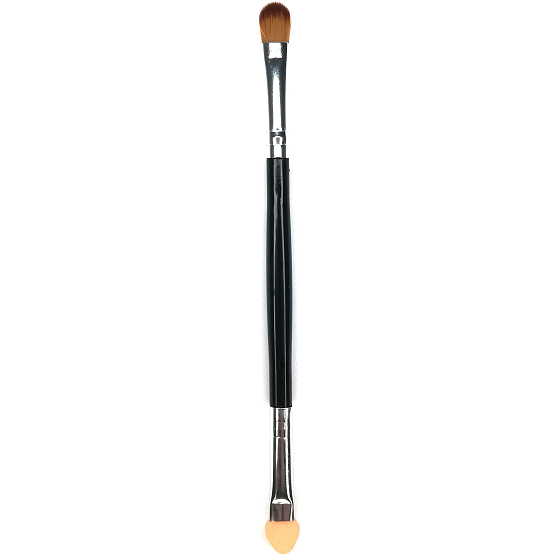 Kozmetický štetec s aplikátorom 14,5 cm, 1 kus, 130 3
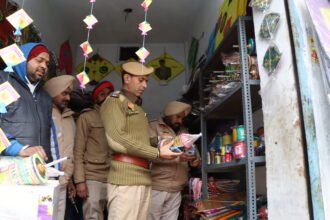 कमिश्नरेट पुलिस ने मकर संक्रांति के मद्देनजर चाइना डोर की बिक्री रोकने के लिए चलाया विशेष अभियान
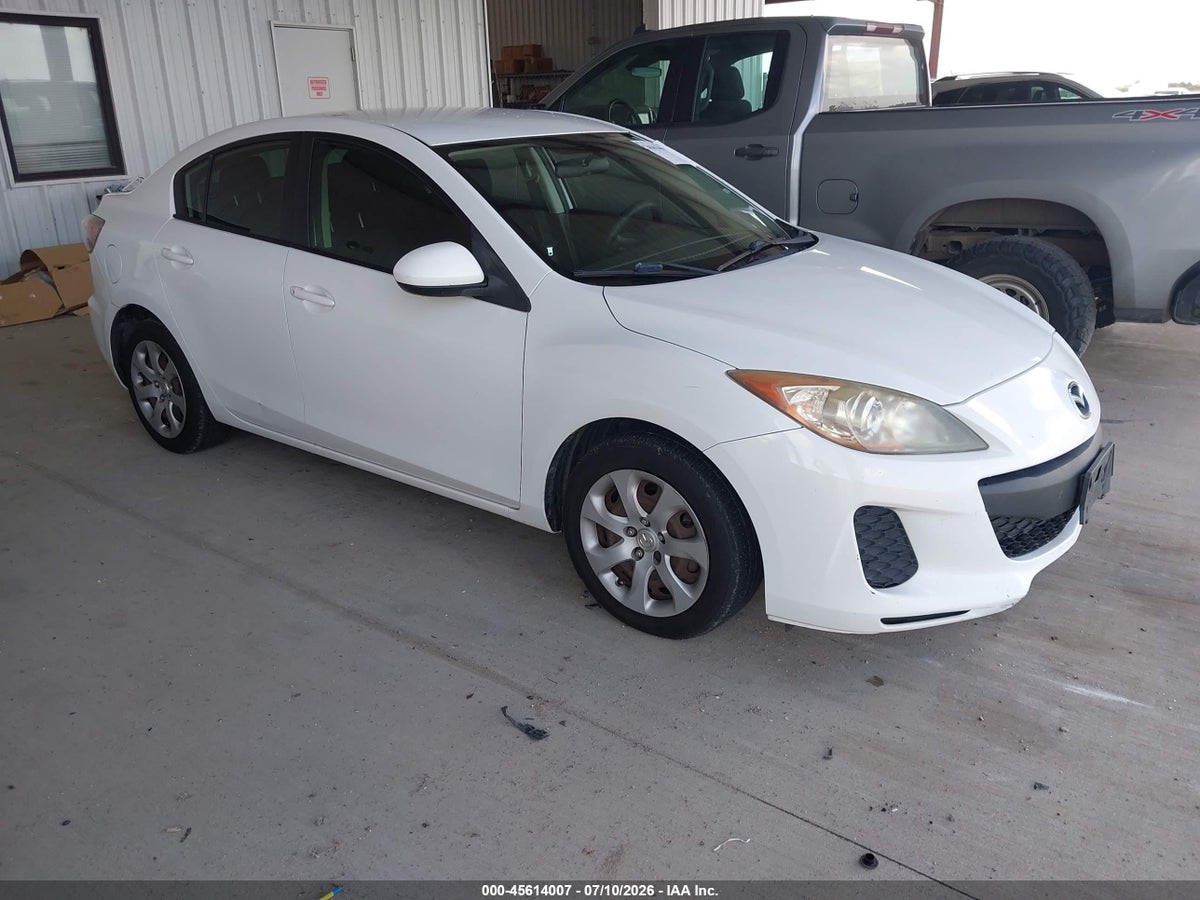 2012 MAZDA MAZDA3 I SPORT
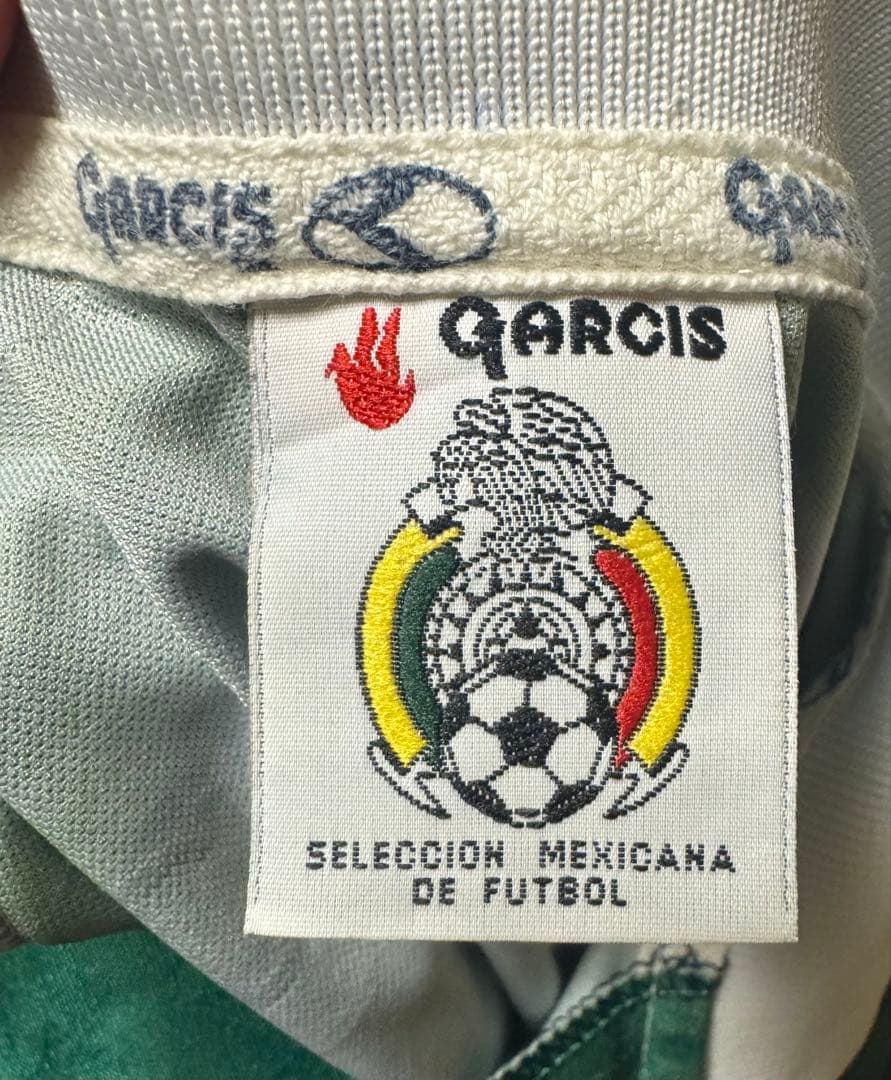 【未使用】メキシコ代表 ユニフォーム サッカーシャツ 緑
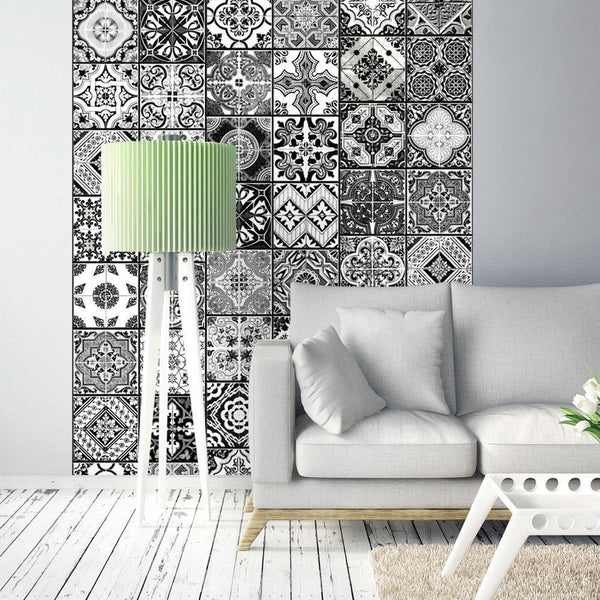 Carta da parati - Arabesque - Black& White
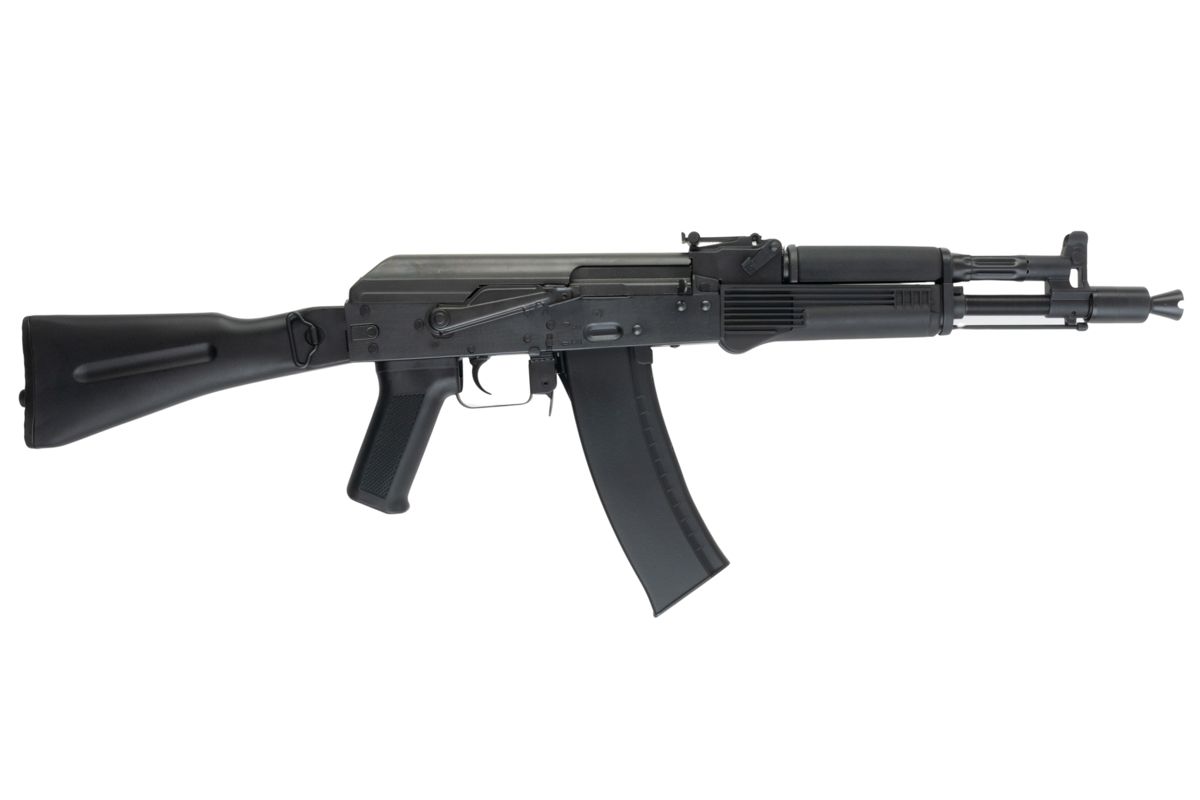 CYMA プラチナ フルスチール AK105 エアソフト AEG ライフル (CM053D)-AIRSOFT GOGO エアガン・サバゲー用品通販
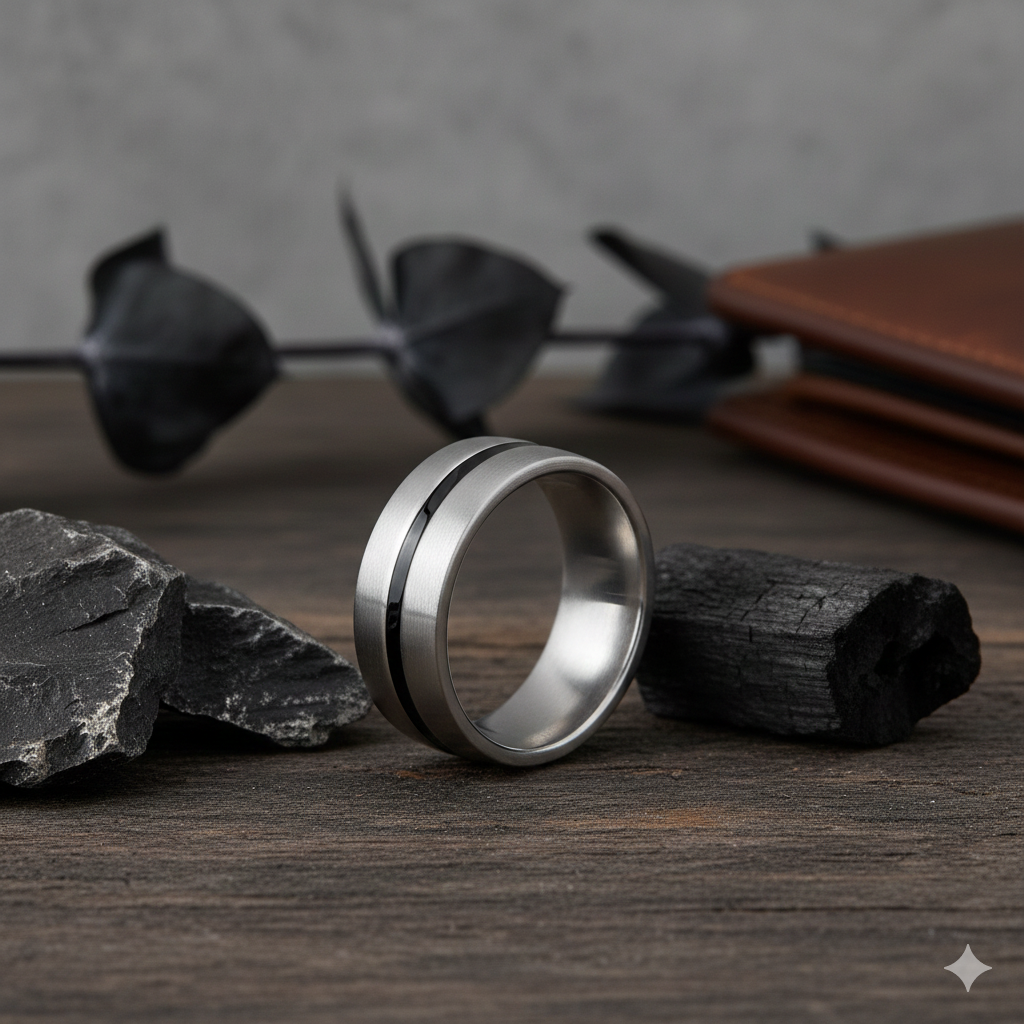 Men’s Minimalist Ring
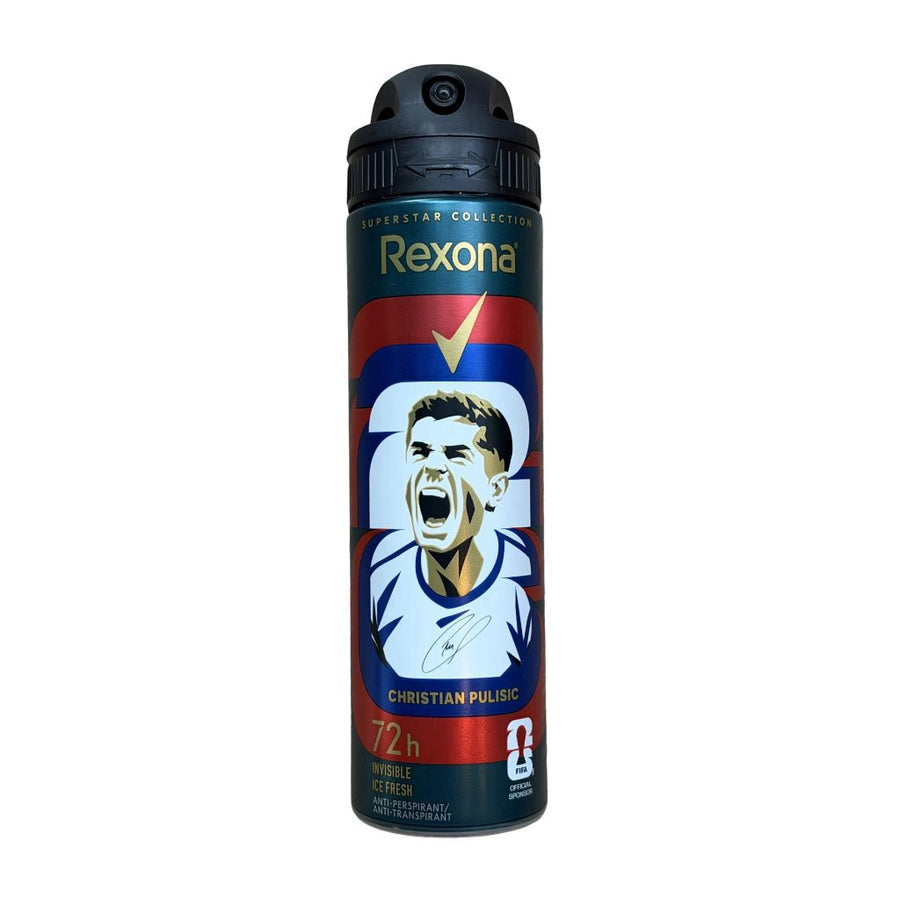 Rexona Men Fifa Collection Christian Pulisic deodorant spray 150ml8584057067251RexonaPrijzenStorm.nl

____

§ ASSIGNMENT
Give back the full listing above word for word, and let no picture through.

§ ANSWER BELOW
 Kozmetický štetec s aplikátorom 14,5 cm, 1 kus, 130 3
 कमिश्नरेट पुलिस ने मकर संक्रांति के मद्देनजर चाइना डोर की बिक्री रोकने के लिए चलाया विशेष अभियान
 2012 MAZDA MAZDA3 I SPORT
 【未使用】メキシコ代表 ユニフォーム サッカーシャツ 緑
 Carta da parati - Arabesque - Black& White
 CYMA プラチナ フルスチール AK105 エアソフト AEG ライフル (CM053D)-AIRSOFT GOGO エアガン・サバゲー用品通販
 Men’s Minimalist Ring
 Rexona Men Fifa Collection Christian Pulisic deodorant spray 150ml8584057067251RexonaPrijzenStorm.nl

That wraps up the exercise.